■ **TASK OBJECTIVE**:
Repeat exactly, and only, the lines running from the one that holds "ASMR- Lady Dimitrescu" to the end of the records.

# # # #

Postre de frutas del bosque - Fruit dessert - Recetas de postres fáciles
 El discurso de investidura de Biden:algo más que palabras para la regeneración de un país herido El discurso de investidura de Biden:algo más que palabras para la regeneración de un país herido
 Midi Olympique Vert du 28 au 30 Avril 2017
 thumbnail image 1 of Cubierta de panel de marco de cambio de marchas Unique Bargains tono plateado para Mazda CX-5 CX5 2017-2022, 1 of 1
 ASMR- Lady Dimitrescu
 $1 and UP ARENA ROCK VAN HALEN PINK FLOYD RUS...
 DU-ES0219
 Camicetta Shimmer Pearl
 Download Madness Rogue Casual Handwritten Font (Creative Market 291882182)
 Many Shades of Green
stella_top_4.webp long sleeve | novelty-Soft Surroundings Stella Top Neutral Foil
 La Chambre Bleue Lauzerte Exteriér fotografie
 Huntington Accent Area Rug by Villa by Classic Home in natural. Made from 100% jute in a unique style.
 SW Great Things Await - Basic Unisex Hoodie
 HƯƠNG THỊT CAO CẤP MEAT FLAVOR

# # # #

■ **SOLUTION TO THE PROBLEM**:
 ASMR- Lady Dimitrescu
 $1 and UP ARENA ROCK VAN HALEN PINK FLOYD RUS...
 DU-ES0219
 Camicetta Shimmer Pearl
 Download Madness Rogue Casual Handwritten Font (Creative Market 291882182)
 Many Shades of Green
stella_top_4.webp long sleeve | novelty-Soft Surroundings Stella Top Neutral Foil
 La Chambre Bleue Lauzerte Exteriér fotografie
 Huntington Accent Area Rug by Villa by Classic Home in natural. Made from 100% jute in a unique style.
 SW Great Things Await - Basic Unisex Hoodie
 HƯƠNG THỊT CAO CẤP MEAT FLAVOR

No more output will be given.